Happy New Year 2017!! | The Importance of your WHY!

Hello Love,

Happy New Year!

I feel like this, this is going to be an EPIC year. An AMAZING year. Do you feel it?

I am so excited for this new year, but…I can’t move on into this new year, or boldly step into it without recapping 2016. 2016 was a pivotal year for me. After years and years of hard work, after years of trying to discover who I was as a creative, a designer and an entrepreneur. It all finally clicked.

So how did I start? You might ask. What lead me to pretty much where I’m at now, with more focus and clarity than ever before, that you will sure see this 2017?

 

It was my why.

 

That’s right. You know all those things you read about on your feed on “remember your why” well for me, it really hit me this past year.

 

Have you ever seen the movie “Slumdog Millionaire“? If you haven’t it’s a great movie to watch. It’s a movie I have to reference because, in truth, it’s almost like… everything I’ve been through lead me up to this point and worked for me. If you know the movie then you know what I’m talkin’ bout.

 

If you haven’t seen it, let me just say it’s about this young man, who remembers certain moments in his life that all worked for him in a defining moment. Sometimes life works that way, doesn’t it? If you’re brave enough to step into uncharted waters, you start seeing that perhaps you were more than prepared and made for those waters.

 

I am so happy, I can’t even explain! Bursting at the seams of happiness over here, yea!

 

How do I feel? I feel as though I am at the beginning of a dream coming to realization. Sure, for me it took 6+ years, but honestly, those years were needed, completely worth it and necessary for me to be at the junction I am now. It’s all about truly trusting God with everything and just taking that leap of faith, regardless if you see the whole staircase or not.

 

That’s why I committed to pretty much-putting everything I know out there while doing what I love. Writing, Designing and Working with other talented people. It all comes full circle. It’s still in the works, like, I’m editing video’s, audios (my upcoming podcast), developing a story…all fun, cool stuff and I wish I could just put it all out there now! But it takes time to curate and to create. At least it does for me.

 

Aside from working on client work & creating content, (which you will be seeing soon). I’m also a full-time mom and wife. Sometimes I wish there were more movies on bloggers or moms doing what they love. Just so I can binge watch and get amped up to keep moving forward, you know in those low moments that we all find ourselves in, from time to time. One of my favorite movies, which I’m currently watching as I type is called, “The Intern“. Seriously, put it on your must watch list.

 

Let’s rewind to 2009ish. Back after I had hit my rock bottom, after I came out of one of the darkest moments of my life, it was like pitch black ya’ll. I remember saying to myself, that I was going to pursue my dream/talents, no matter what. So I did…

 

I did everything from painting to modeling to even rapping at a talent show at the mall. Yup. #TrueStoryBro. Fashion shows, designing, dabbling in photography, creating websites (which I did study for a little over 2 years, back in highschool and it’s gone to another level now due to amazing coders and software. Jeez, I mean have you seen the talent out there?)

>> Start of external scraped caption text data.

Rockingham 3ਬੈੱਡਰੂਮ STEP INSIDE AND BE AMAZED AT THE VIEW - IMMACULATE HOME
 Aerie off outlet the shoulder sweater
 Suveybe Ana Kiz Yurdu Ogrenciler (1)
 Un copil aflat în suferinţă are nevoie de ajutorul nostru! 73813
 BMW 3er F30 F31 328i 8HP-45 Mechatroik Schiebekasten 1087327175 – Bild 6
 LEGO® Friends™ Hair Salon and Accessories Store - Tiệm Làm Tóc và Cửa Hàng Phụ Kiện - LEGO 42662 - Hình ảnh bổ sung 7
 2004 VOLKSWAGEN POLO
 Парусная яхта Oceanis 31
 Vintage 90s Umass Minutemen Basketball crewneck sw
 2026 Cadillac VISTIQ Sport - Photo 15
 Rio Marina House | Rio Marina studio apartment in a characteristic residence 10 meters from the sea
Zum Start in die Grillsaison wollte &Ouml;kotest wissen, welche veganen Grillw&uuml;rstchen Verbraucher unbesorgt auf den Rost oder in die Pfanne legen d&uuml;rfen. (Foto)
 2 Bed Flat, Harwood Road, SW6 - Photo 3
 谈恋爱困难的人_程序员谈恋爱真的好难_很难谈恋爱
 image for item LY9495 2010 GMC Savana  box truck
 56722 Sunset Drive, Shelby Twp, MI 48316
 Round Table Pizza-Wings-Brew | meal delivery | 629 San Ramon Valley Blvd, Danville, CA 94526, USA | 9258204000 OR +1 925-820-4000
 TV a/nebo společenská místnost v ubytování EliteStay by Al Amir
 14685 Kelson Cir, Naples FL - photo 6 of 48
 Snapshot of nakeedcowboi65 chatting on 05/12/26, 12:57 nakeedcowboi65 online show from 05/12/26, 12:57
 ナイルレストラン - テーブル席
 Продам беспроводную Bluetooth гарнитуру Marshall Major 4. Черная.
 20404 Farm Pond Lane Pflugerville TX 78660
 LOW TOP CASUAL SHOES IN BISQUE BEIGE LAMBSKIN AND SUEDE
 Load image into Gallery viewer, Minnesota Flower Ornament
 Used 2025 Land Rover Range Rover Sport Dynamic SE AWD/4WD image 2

Now, Currently? I feel as…hmm I work as part web designer part creative coach for creatives. I pretty much help other creatives on their web presence, online presence, marketing and branding. Along with techy tools and strategic ways to use social media. ehem. In a nutshell?

BRANDING IS HUGE! HUGE! I tell ya.

 

Don’t worry I’m committed in telling ya more in the dayz to come.

Then, in the midst of all that, more like the beginning of all that, I fell in love with Franklin, fell in love with God, with Jesus.

 

I particularly remember when my “why” was birthed.

 

We had just moved in together, Franklin and I, to a small one bedroom 1 bath apartment. The whole apartment was basically the size of our current downstairs living space, if that. But it did have a wood burning fire place and for us it was an exciting time, incredibly quaint and romantic. We were budding in love and were grateful at the opportunity to spend each day together, which we still are, but you know.

 

We loved every moment being there, including the time we bought some firewood and used the fireplace. It took some time to get going but we figured it out. It was amazing. We never had a couch or dining room table while living there, just one chair a desk, and eventually someone gifted us a tv stand for our tv. I took over the corner of the apartment as my office. My mom and dad had gifted us a computer, not laptop, you can imagine how bulky. Kudos to you all still using those. I pour a bit a coffee in remembrance #gangsta. It was humble, it was small and it was beautiful because there was love.

 

Then one day, I remember going through facebook, just coming across and seeing amazing talented people, artists and creatives. Including meeting a few and pressing the issue that they CAN do it full time. I even went as far as contacting some of these FB creatives, trying to encourage them, that they can do, that they should do their craft full time and that they were soooo talented, like ridiculously talented, but eventually I found that they didn’t believe in themselves or they thought it impossible.

 

Maybe at the time in my life I was in the very, very beginning stages of my own dream and here I am believing that I can. Maybe, that’s why I saw what they could do/become because of how much more ahead they were in their craft and I just saw it for them. You know? Like I see it for you too.

 

And…guess what, at that moment in my life I pretty much wasn’t someone people wanted to listen to. I didn’t have the “street creds“, for anyone to really to give me the time of day. (Love, it often blows my mind at times, for where I’m at.)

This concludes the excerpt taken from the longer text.